Qaligrafia
Séries, livros, games, filmes e eteceteras 🧙‍♂️

Estamos muito longe de criar a verdadeira matrix

Unreal Engine forest

Ano após ano ficamos fascinados com a evolução dos gráficos nos jogos. A cada novo jogo nos empolgamos com a ideia de sermos capazes de criar outro mundo, um mundo digital tão detalhista e realista quanto o teal. A tecnologia ray-tracing faz um jogo de luz impressionante e que dá a sensação de imersão e realidade. Todavia, a verdade é que estamos muito longe de replicar o mundo.

Estes gráficos que chamamos "realistas", simulam apenas uma camada muito superficial da realidade, apenas o aspecto visual em uma escala humana e de uma forma ainda bastante limitada. Tomemos um pequeno exemplo para perceber o abismo que separa o mundo digital que temos até o momento e o mundo real: uma folha.

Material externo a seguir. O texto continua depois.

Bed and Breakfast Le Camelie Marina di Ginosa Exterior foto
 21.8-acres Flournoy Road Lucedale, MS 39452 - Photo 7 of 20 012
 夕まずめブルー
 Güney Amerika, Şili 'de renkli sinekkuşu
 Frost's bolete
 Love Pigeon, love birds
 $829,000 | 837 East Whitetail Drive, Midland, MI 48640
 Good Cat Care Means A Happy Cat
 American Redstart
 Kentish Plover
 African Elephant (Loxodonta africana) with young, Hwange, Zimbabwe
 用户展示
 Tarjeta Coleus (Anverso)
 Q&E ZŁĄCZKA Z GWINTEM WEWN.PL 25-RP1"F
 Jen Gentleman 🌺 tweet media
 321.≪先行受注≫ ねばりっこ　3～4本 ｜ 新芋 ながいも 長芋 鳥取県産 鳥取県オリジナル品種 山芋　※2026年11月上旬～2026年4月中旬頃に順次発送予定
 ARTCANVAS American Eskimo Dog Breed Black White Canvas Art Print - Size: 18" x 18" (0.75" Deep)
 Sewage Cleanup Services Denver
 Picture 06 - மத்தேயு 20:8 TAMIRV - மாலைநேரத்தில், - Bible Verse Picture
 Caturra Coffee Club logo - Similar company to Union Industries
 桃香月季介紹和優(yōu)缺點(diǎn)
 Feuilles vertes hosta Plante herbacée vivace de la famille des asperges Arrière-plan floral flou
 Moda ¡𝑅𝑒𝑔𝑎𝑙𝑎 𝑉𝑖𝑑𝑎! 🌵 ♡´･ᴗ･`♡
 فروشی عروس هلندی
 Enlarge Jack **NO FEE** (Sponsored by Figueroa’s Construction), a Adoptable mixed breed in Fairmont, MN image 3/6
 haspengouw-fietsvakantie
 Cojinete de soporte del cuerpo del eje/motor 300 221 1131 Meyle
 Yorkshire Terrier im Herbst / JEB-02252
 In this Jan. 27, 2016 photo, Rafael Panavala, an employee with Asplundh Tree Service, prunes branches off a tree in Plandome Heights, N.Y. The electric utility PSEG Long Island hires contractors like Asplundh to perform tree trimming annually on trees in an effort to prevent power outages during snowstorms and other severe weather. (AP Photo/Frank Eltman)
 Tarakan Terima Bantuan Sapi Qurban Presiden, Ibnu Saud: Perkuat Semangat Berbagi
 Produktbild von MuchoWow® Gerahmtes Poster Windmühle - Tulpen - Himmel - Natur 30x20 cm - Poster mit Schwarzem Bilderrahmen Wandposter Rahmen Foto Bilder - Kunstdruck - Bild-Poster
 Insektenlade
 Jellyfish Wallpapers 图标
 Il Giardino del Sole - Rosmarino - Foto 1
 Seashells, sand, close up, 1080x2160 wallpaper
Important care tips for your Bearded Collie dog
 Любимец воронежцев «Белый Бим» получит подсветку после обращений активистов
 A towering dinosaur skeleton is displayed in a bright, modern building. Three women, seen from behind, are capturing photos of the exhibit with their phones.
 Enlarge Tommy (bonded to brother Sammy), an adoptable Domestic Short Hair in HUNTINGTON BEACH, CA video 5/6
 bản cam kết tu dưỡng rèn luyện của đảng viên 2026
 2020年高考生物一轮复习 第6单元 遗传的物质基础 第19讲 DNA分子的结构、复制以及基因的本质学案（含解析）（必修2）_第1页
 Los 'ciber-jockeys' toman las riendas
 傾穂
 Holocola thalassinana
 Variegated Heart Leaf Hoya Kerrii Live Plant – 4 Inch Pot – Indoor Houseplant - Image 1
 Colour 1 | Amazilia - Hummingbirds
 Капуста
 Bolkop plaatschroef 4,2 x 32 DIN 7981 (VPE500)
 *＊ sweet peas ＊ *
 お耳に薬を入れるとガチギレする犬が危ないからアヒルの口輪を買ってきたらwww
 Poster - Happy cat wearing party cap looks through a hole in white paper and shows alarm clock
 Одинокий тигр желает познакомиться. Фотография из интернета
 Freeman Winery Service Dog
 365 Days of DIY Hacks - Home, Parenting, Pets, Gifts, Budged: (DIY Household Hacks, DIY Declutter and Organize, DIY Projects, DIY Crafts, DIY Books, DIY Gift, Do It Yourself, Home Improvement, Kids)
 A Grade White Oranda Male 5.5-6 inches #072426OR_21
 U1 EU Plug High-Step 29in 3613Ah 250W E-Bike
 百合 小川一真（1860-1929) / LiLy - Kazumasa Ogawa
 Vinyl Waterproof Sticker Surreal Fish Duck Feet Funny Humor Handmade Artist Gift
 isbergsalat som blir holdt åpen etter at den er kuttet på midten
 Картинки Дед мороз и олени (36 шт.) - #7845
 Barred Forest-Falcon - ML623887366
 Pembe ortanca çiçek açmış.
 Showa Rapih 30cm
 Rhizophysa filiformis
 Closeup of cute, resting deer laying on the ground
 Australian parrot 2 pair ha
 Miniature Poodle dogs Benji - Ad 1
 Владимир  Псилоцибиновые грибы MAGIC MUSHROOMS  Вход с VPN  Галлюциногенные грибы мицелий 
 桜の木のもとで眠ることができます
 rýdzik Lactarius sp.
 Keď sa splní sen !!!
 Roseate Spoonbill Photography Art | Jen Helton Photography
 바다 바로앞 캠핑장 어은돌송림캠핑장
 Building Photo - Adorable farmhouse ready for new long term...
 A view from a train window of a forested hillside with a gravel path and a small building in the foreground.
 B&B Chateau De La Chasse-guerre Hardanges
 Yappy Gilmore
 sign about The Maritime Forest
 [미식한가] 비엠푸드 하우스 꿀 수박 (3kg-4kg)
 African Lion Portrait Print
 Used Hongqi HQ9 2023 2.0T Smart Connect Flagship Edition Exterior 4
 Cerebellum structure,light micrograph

Florestas nos games são um bom exemplo de quão impressionante pode ser uma simulação de mundo. A textura dos troncos de árvores, a luz interagindo com a vegetação, atravessando as folhas a ponto de simular um efeito komorebi, o chapinhar da água quando pisamos em um rio... Tudo parece tão detalhista. Mas olhemos apenas para uma folha, uma simples folha neste cenário. Se dermos um zoom, veremos alguns detalhes da folha, mas logo vamos nos deparar com pixels, pontos de cor. Aí acaba a profundidade daquele objeto.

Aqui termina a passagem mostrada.